North of Santa Barbara a wildfire burns and a plume of smoke is visible from the city. Winds are pushing the fire east, into the dry backcountry. The fire hasn’t discouraged the tourist trade, as evidenced by the crowds sipping wine in the so-called “Funk Zone” and a jam-packed 101 southbound.
My daughter begins 10th grade tomorrow, and she is apprehensive, not about her classes but about her wardrobe. After two days of shopping with her mother, and the expenditure of a minor fortune, the girl announces that she is ready. Tomorrow morning will be a struggle. After weeks of sleeping past 10:00 a.m., my daughter will be roused from sleep by her iPhone, and trudge droopy-eyed to the kitchen, where, without opening her eyes, she will fill a bowl with rice krispies and milk. I know better than to talk to her in the morning. She tells me that she hates school, a sentiment which cuts me, given that I have spent the last 17 years working for the local school district. My aspirations for her are modest -- that she learn to think critically and challenge what she is told to take for granted, and that she enjoy learning for the rest of her life.

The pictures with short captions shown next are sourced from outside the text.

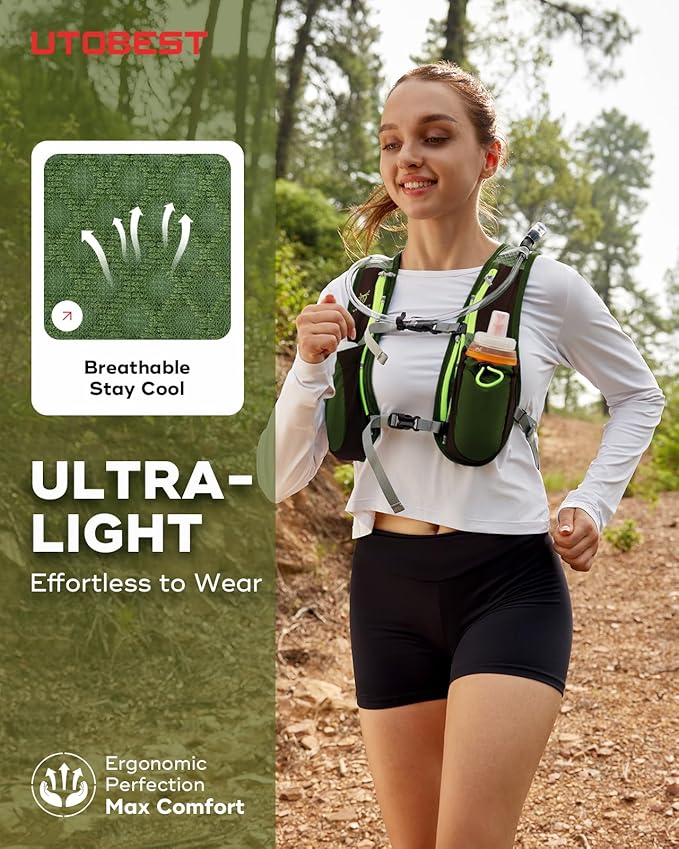 UTOBEST Running Vest, 5L Hydration Vest Lightweight, Breathable and Sweatproof Running Backpack, Adjustable Running Hydration Vest for Trail Running Marathon Race Jogging Cycling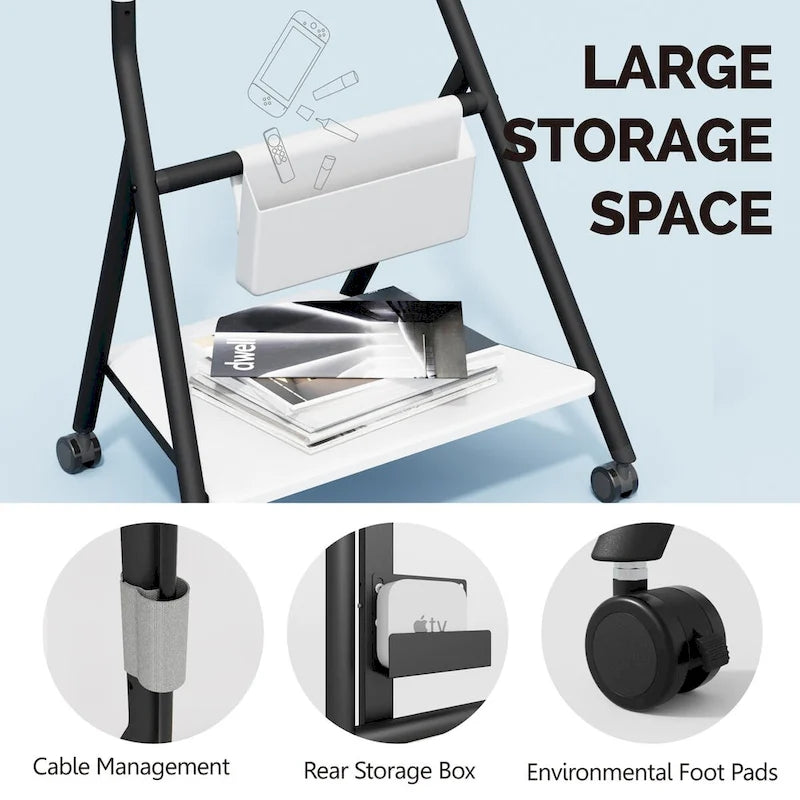 FITUEYES Mobile TV Cart for Office Classroom Rolling TV Stand with Wheels for 45-88 Inch TV-32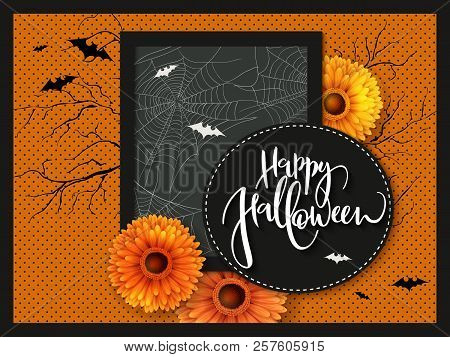 Vector Illustration With Design Template For Halloween Event Banner With Detailed Bright Gerberas, B
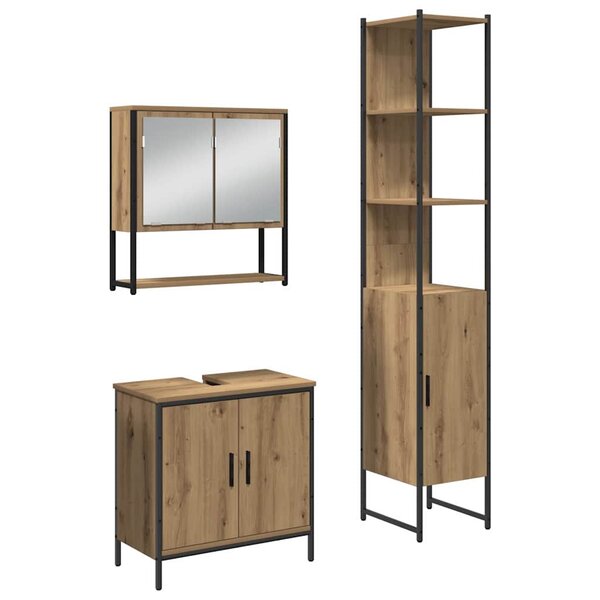vidaXL Ensemble de mobilier de salle de bain avec étagère 3 Pièces Marron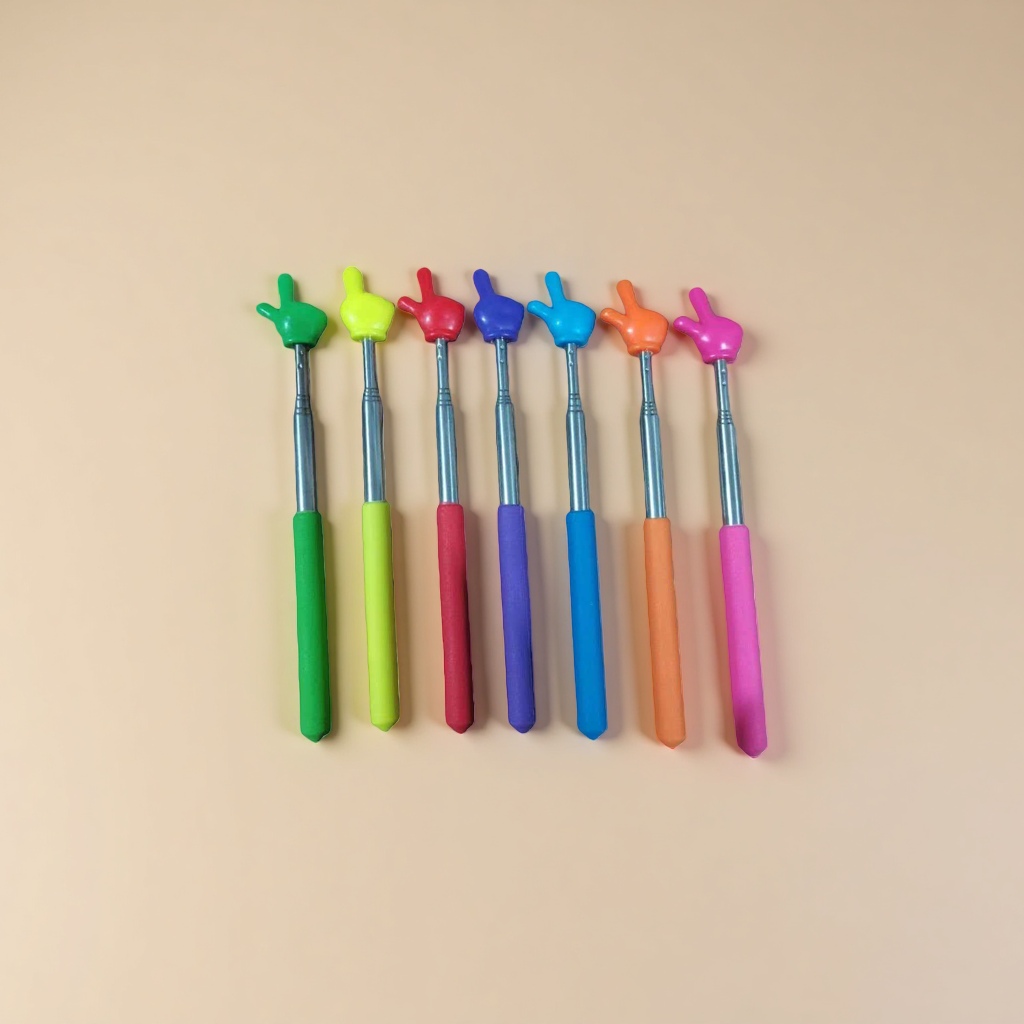 The main body of the colorful finger-shaped telescopic stick is a fun finger toy that can be extended and retracted Specification image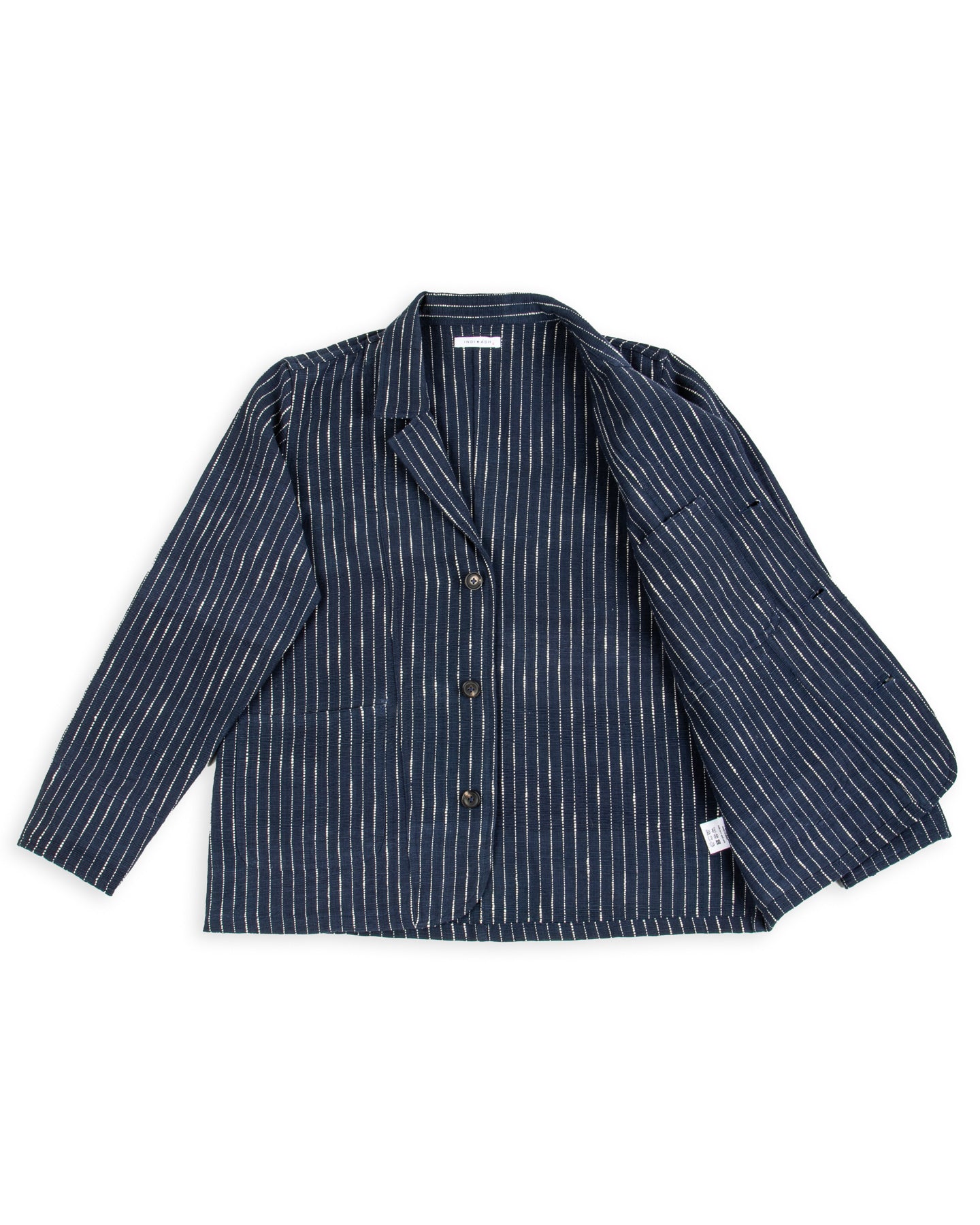 Study Jacket - Handwoven Dark Indigo/Ecru Ticking Stripe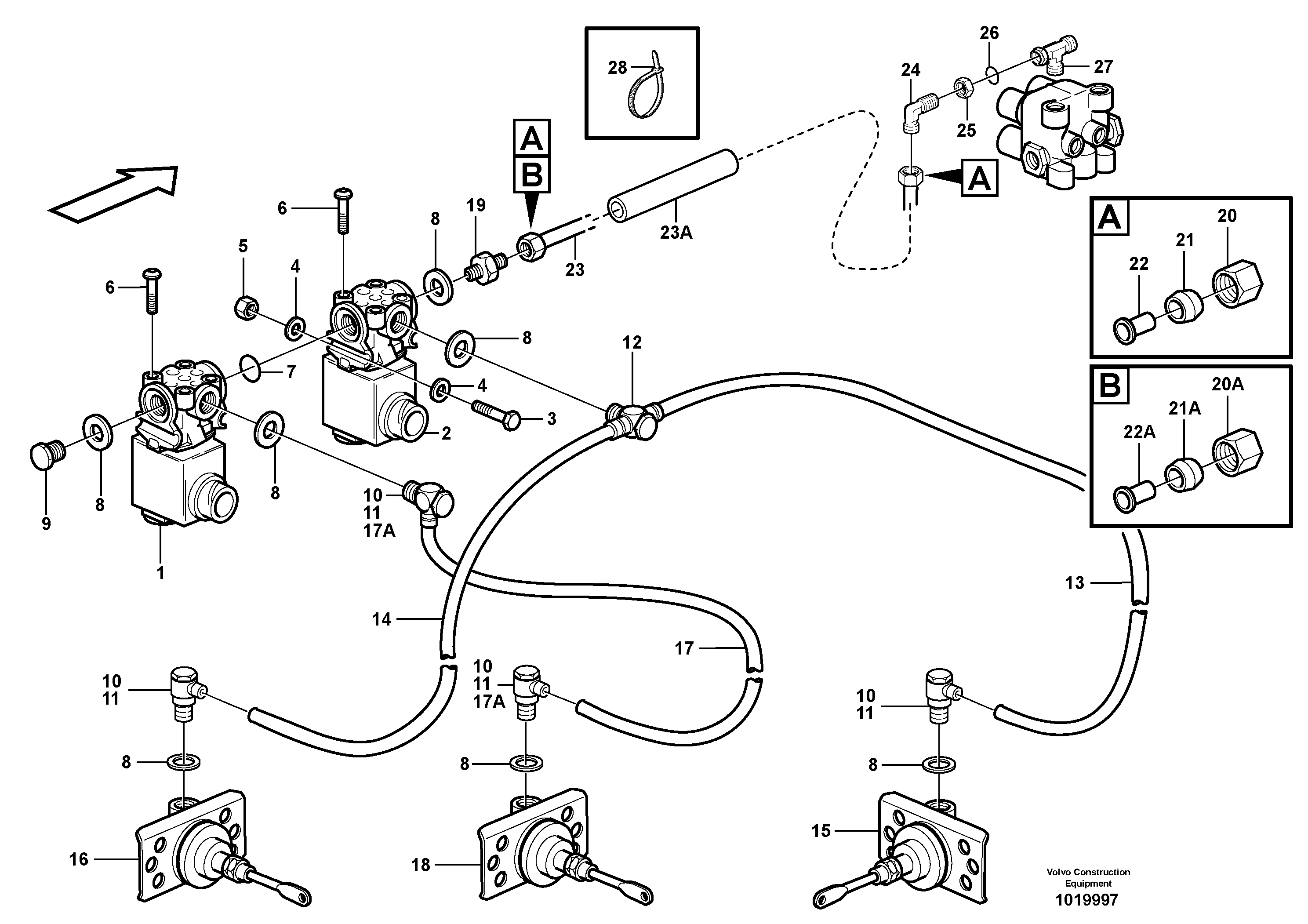 Pneumatic system, 6x6 and diff lock, load unit — volvo parts diagram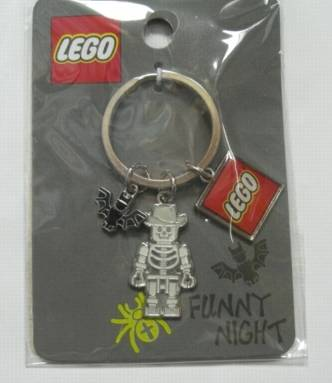 Skeleton with Bat Flat Metal Key Chain - Funny Night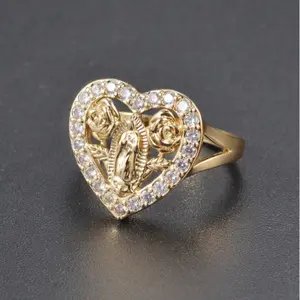 Gold Plated Copper Virgin Mary and Heart Rose Ring with Guadalupe Zirconia for Women Holiday Gift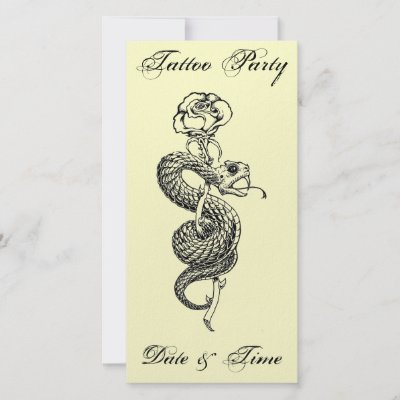 Sub Rosa tattoo party card Photo Card Template by dsilva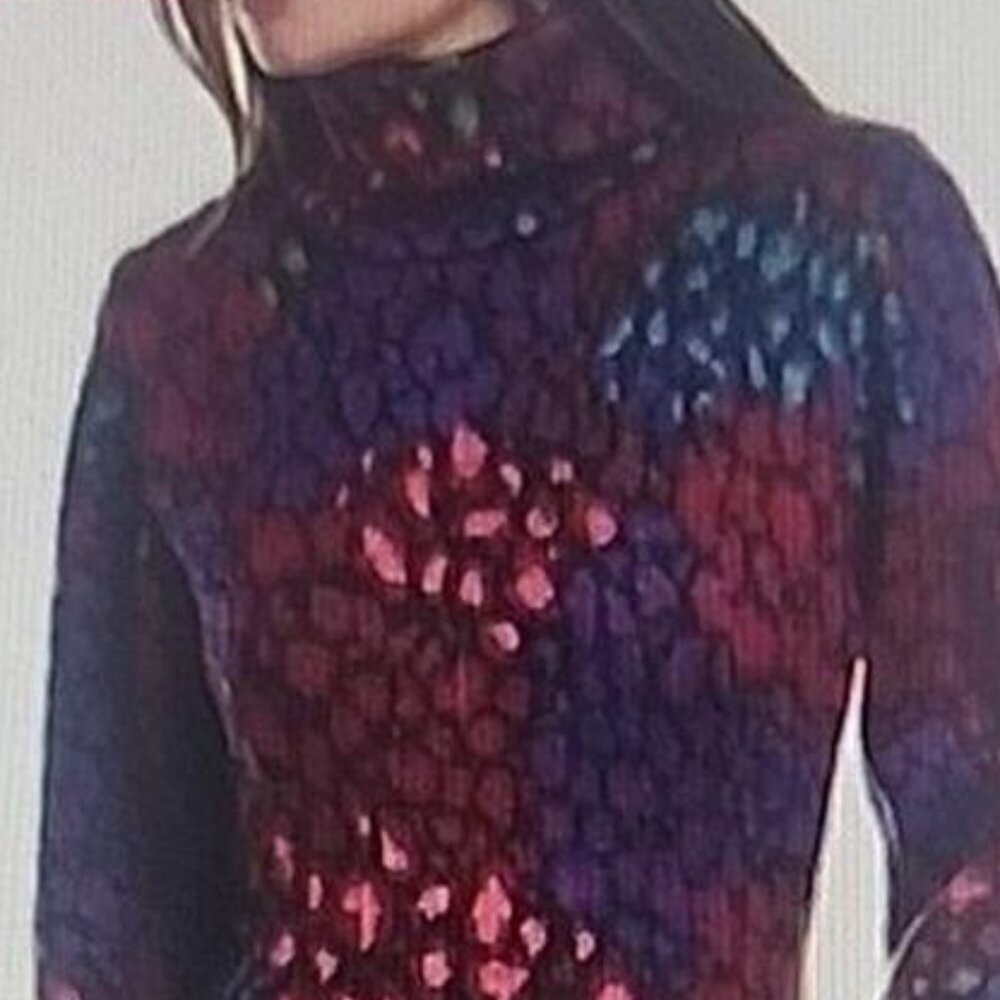 Farm Rio Anthropologie leopard knit sweater turtleneck midi dress size S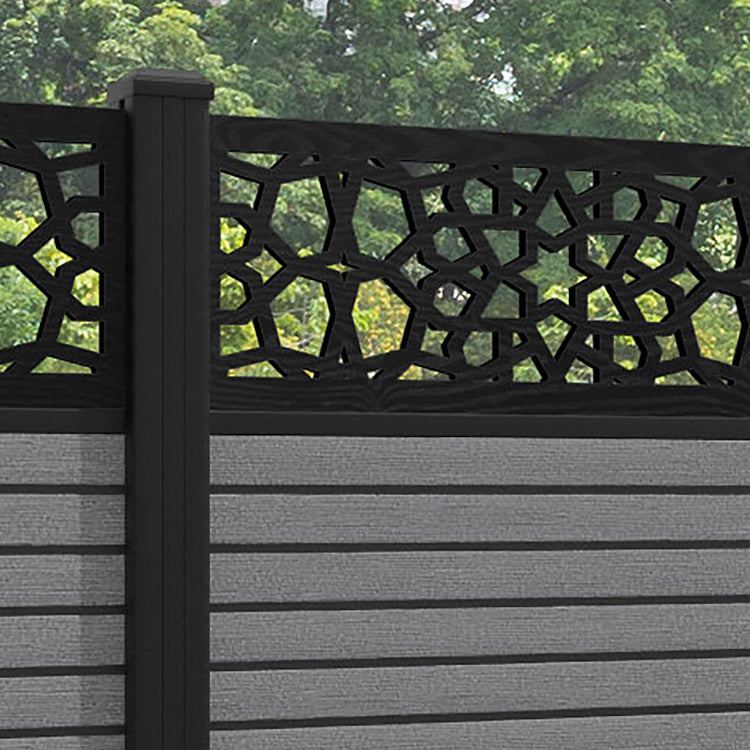 Hudson Nazira Fence Panel - Mid Grey - with our aluminium posts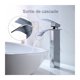 thumbnail image 2 of Grifo de baño de cascada con caño alto, grifo de lavabo de una sola palanca de latón, diseño moderno cromado JAMW Sencillez, 2 of 4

I am an introvert by nature, and prefer small gatherings to large ones; I need to spend a good deal of time alone, and I do, particularly in the early morning, before the sun rises and my family wakes. I read, scribble in my notebook, sip coffee, listen to the birds. As I get older I think about mortality, how life can be so fragile, so easily upended by a single encounter or the caprice of chance. I scan the news, read, with sinking heart, about the flooding in Louisiana or the war in Syria; I imagine brown water rising to the roof line of a house; I imagine a refugee family trying to decide what to take and what to leave behind. Life can change course in the blink of an eye. I can’t protect my children from this harsh fact.
I recognize that I am getting older, crankier, more judgmental, because the young women who live across the driveway from us annoy me no end with their loud voices, vacuous conversations, off-key singing. Their names are Chloe and Tiffany and Kira, but I’m not sure which one is which. One of them drives a black Audi. People come and go over there, a parade of faces, cars, voices.
John Coltrane playing, the miracle of digital music, everything at one’s fingertips, with almost no interval between desire and fulfillment. Amazon delivers happiness, even on Sundays; but no day is sacred in a capitalist society. With the rising sun comes another opportunity to be sold, to buy, to acquire. Technology without limits is a deal with the Devil, all of us down at the crossroads on our knees, our heads bowed, ready to pay a very dear price for ephemeral happiness.